教会絡みのルートでは限界があるのだろう。
「まずは冒険者とか、身体を使う職の奴らに疲労回復薬ってふれこみで売り込め。幸せな気分になって飲まず食わずでもばりばり働けるぜ! んで二、三回もキメればもう離れなれなくなるからよ、ひはははは!!」
「ツノは今まで通りでいいのか?」
「数はな。だが、ちょいと割引はしてもらうぜ? 何せ俺はお前の親だからな!」
強欲な笑みに顔をゆがめるクローリク。どうやら交渉は無事成立したようだ。
しかも当初考えていたより、ずっと好条件である。向こうにも頼み事があったのが幸いした。

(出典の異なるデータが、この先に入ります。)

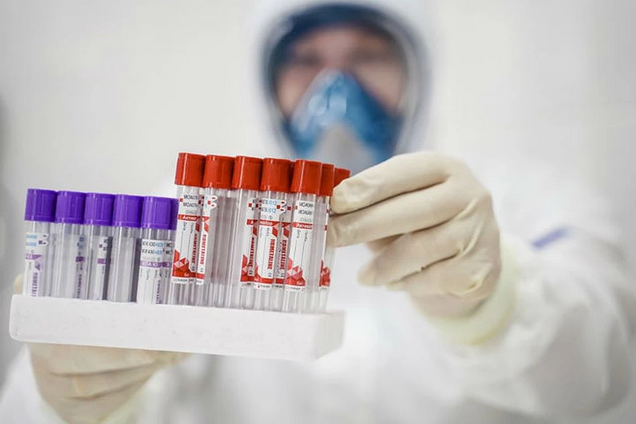 В Украине начали делать ИФА-тесты на коронавирус: кто попал в первую волну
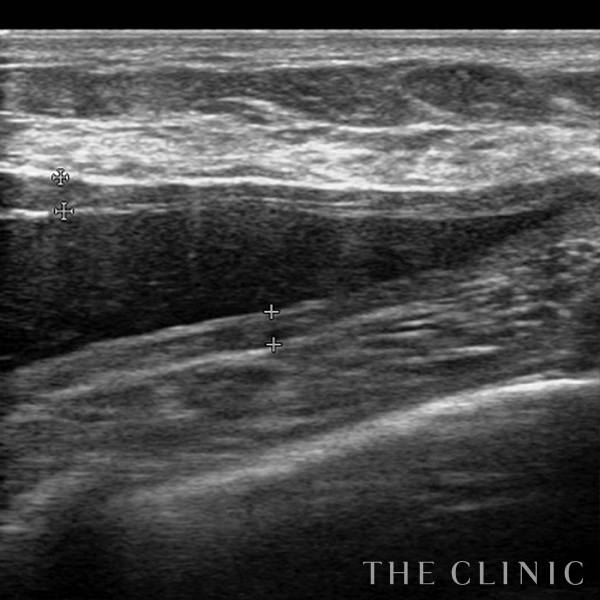 不自然な形のアクアフィリング(アクアリフト)豊胸除去（35歳女性）の術前写真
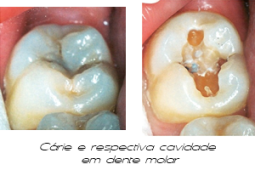 Cárie dentária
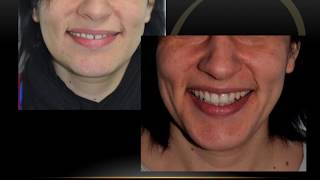 Serie Invisalign Diastema superior [upl. by Etnoj210]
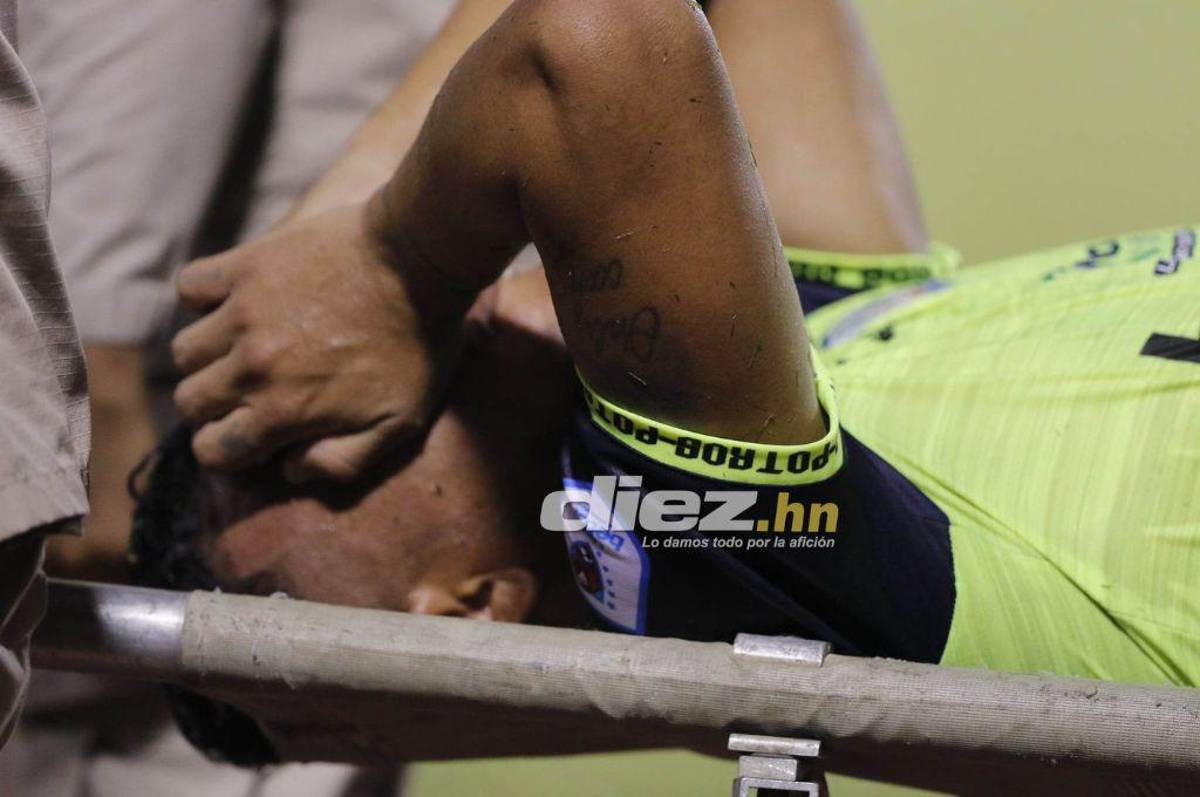 No se vio en TV: El sufrimiento de Mario Martínez, la frustración en Real España y la fiesta de los Potros en el Olímpico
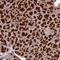 C-Type Lectin Domain Containing 7A antibody, NBP2-13845, Novus Biologicals, Immunohistochemistry frozen image 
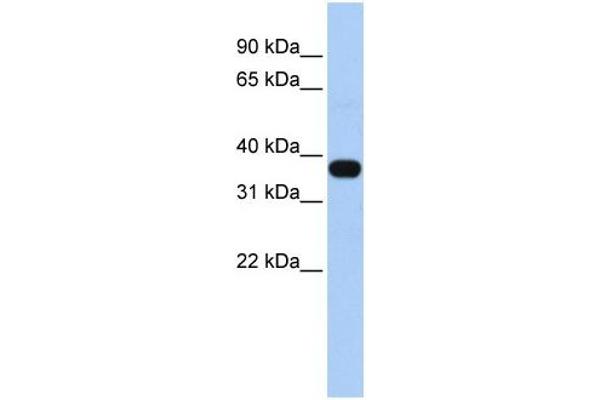 anti-Mitochondrial E3 Ubiquitin Protein Ligase 1 (MUL1) (Middle Region) antibody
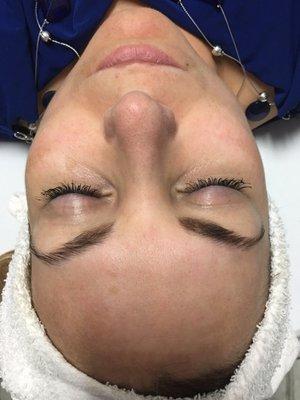 Hyper-pigmentation lightened with one microdermabrasion service.
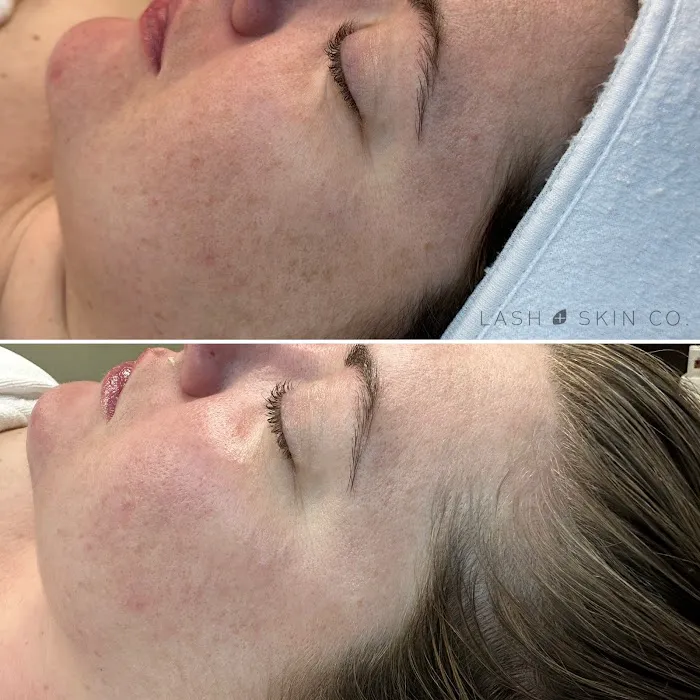 SkinLove Aesthetics Picture 7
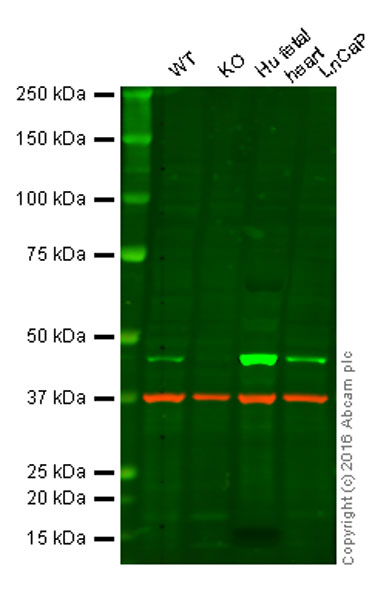 Western blot - Anti-PDK1 antibody [EPR13015] - C-terminal (AB180171), expandable thumbnail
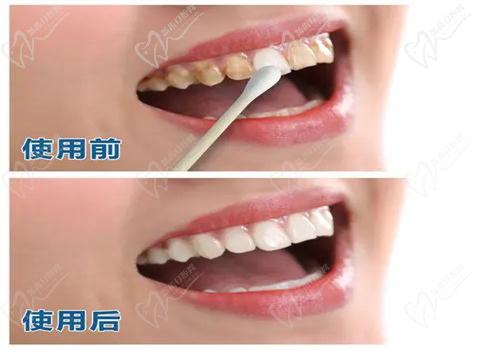 牙齒美白有哪些方法？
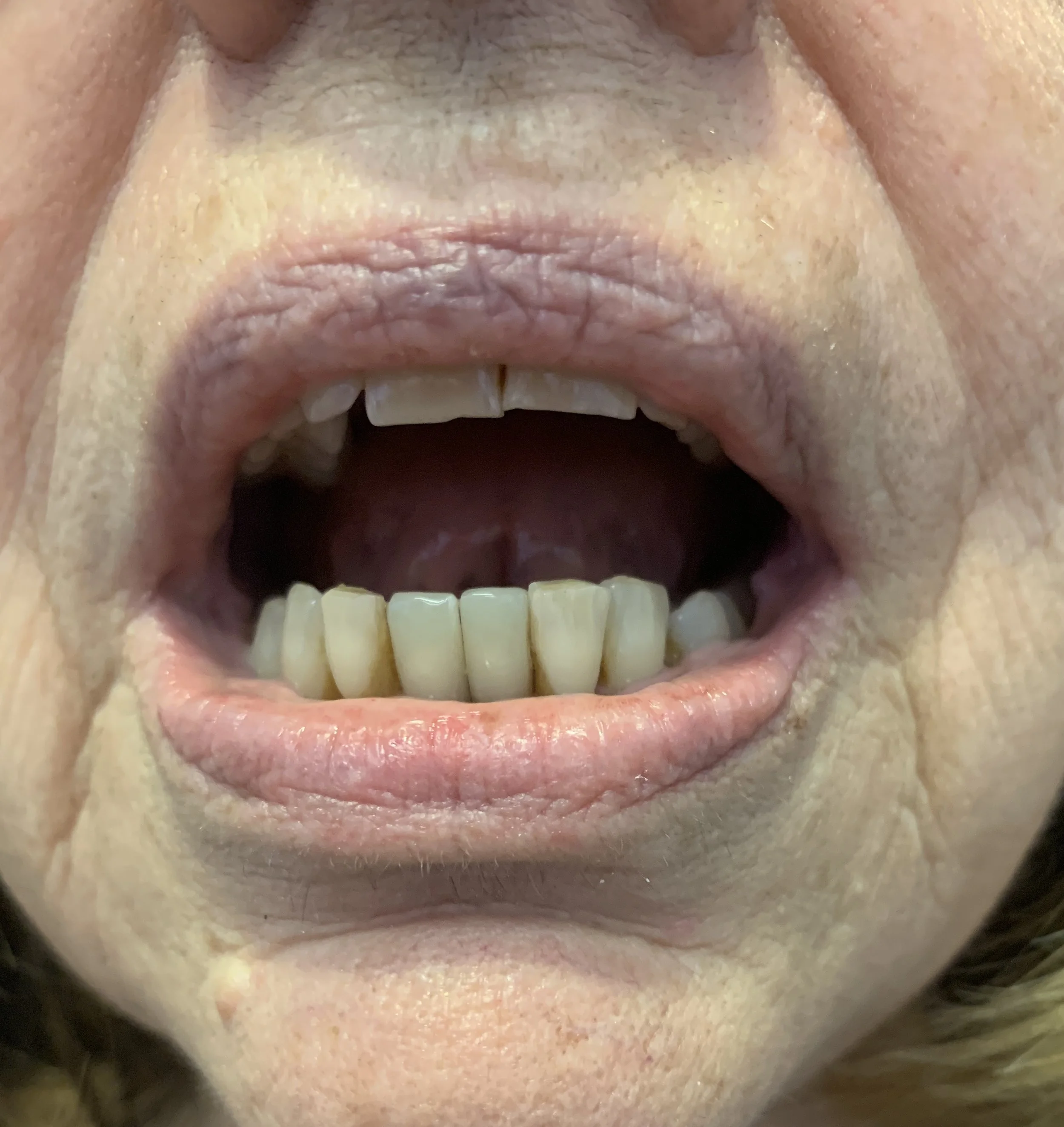 Close-up of an open mouth with missing and discolored teeth.
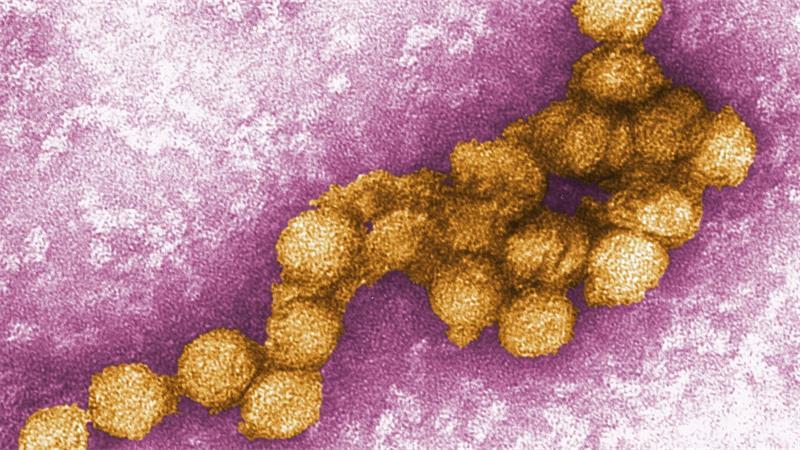 Mehr als 240 Fälle von West-Nil-Fieber in Europa Das West-Nil-Virus unter dem Elektronenmikroskop.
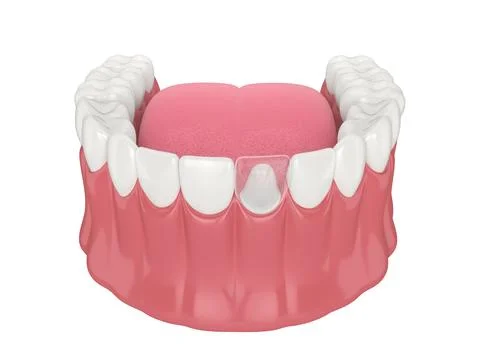 3d render of lower jaw with dental post and core tooth restoration Stock Illustration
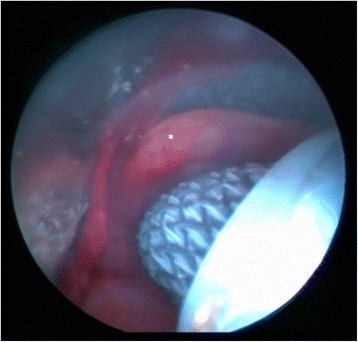 Placement of self-expandable bifurcated metallic stents without use of fluoroscopic and guidewire guidance to palliate central airway lesions.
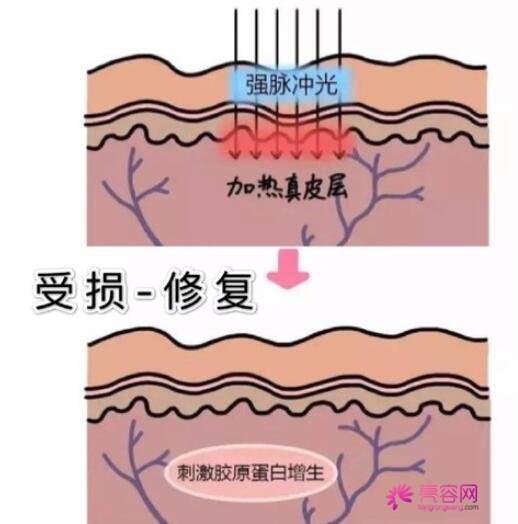 广州市红十字会医院整形激光美容中心怎么样？2021年价格表|医生信息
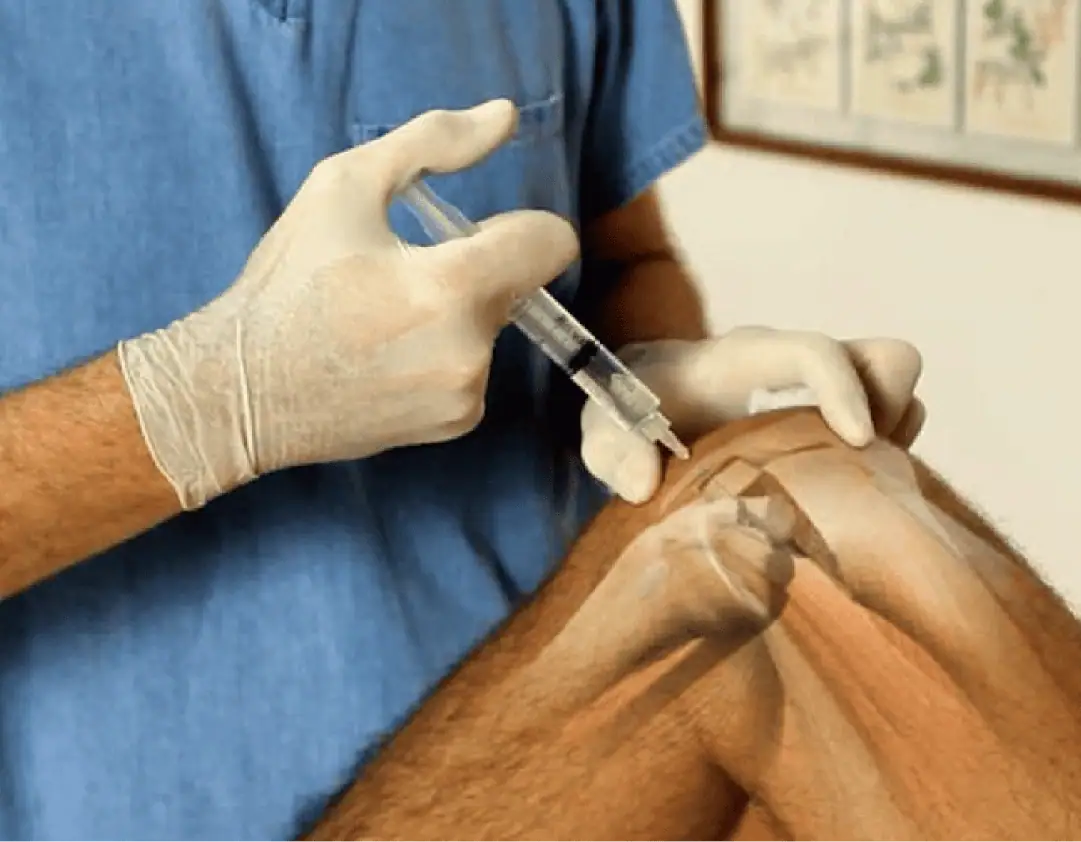 Inyección en la rodilla como tratamiento sin cirugía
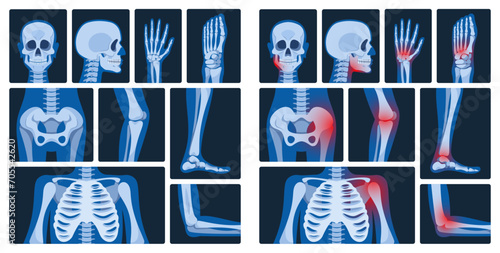 X-ray Pictures Are Medical Images Created By Exposing The Body To X-rays, Revealing Internal Structures For Diagnosing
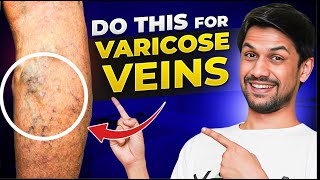 VARICOSE VEINS explained under 10 minutes  Saurabh Bothra Yoga [upl. by Ransell658]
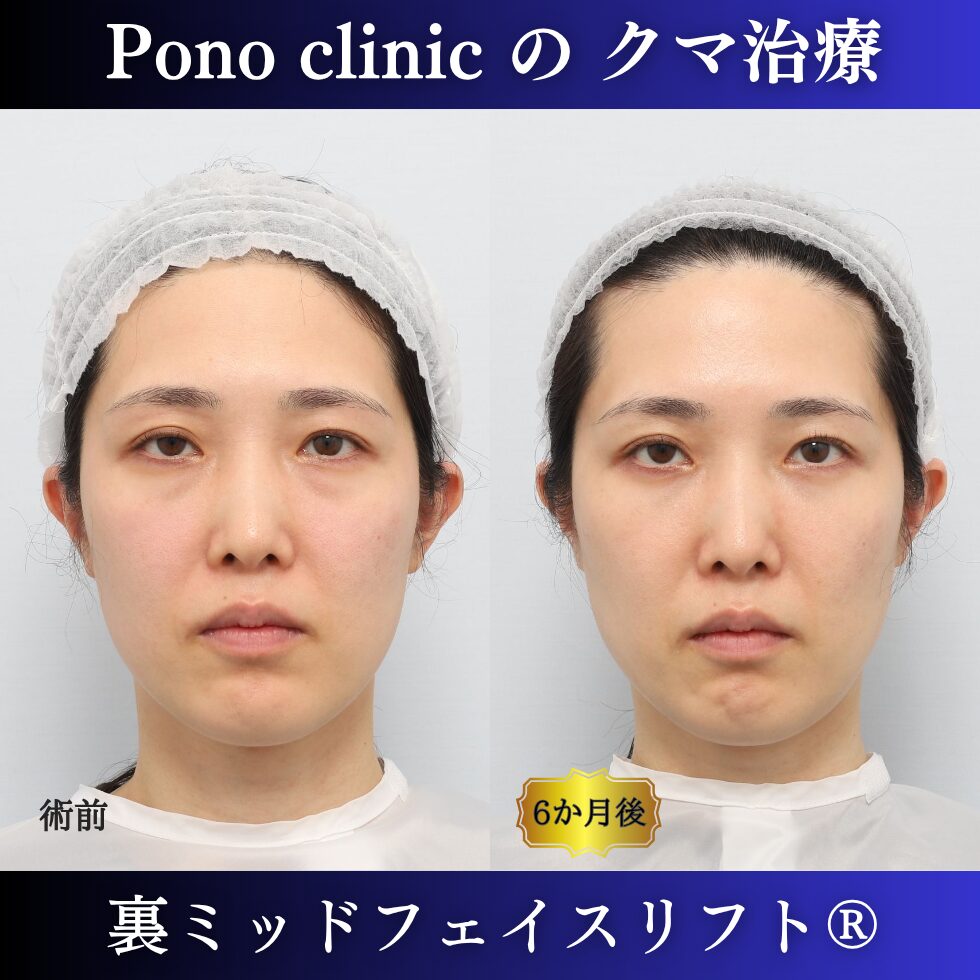 裏ミッドフェイスリフト®、目の下のクマ治療、裏ハムラ、骨膜下リフト、30代の症例 (6)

――こいつの手先になるのはムカつくが、もとの世界でも同じだったしな。
どうせヤスはヤクザ者だ。しょせんは魔王なのだ。どちらも人に仇なすのは習い性と言ってもいい。まして己の命がかかっているのである。
そう、綺麗ごとなどどうでもいいはずだ。
――我慢が正解だ。俺は何も困らねぇ。どうしても気に入らなきゃ、勇者が片付いた後でオヤジと対決すればいい。
時間をかけても損はない。
いや、得ばかりだろう。見知らぬ奴が何人か死に、もっと大勢が麻薬中毒になるだけだ。
「だよな……だけど、くせぇよな」ヤスはゆっくりとかぶりを振った。
「あ?」怪訝な顔でヤスを見返すクローリク。
「あー、あー、あーっ! ホントにマジでくっせぇよ、オヤジ。鼻が曲がりそうだぜ。まいったな、とても我慢できねぇ!」
「別に何も臭わねぇだろ。何言ってやがるんだ、てめぇ?」
「わからねぇのか? あんたみたいな腐れ外道とは一秒だって組めねぇってことだよ!!」
ヤスは懐から素早く銃を取り出した。
ぎょっとなり、クローリクは顔を引きつらせた。
「チャ、銃だと!? ヤス、て、てめぇ――!?」
銃口をぴたりとクローリクに突きつけ、撃鉄を起こす。
ヤスはにやりと笑った。損得は理解できても、我慢ならないことはある。理屈でそれを飲み込める位ならヤスはヤクザになどなっていなかったのだから。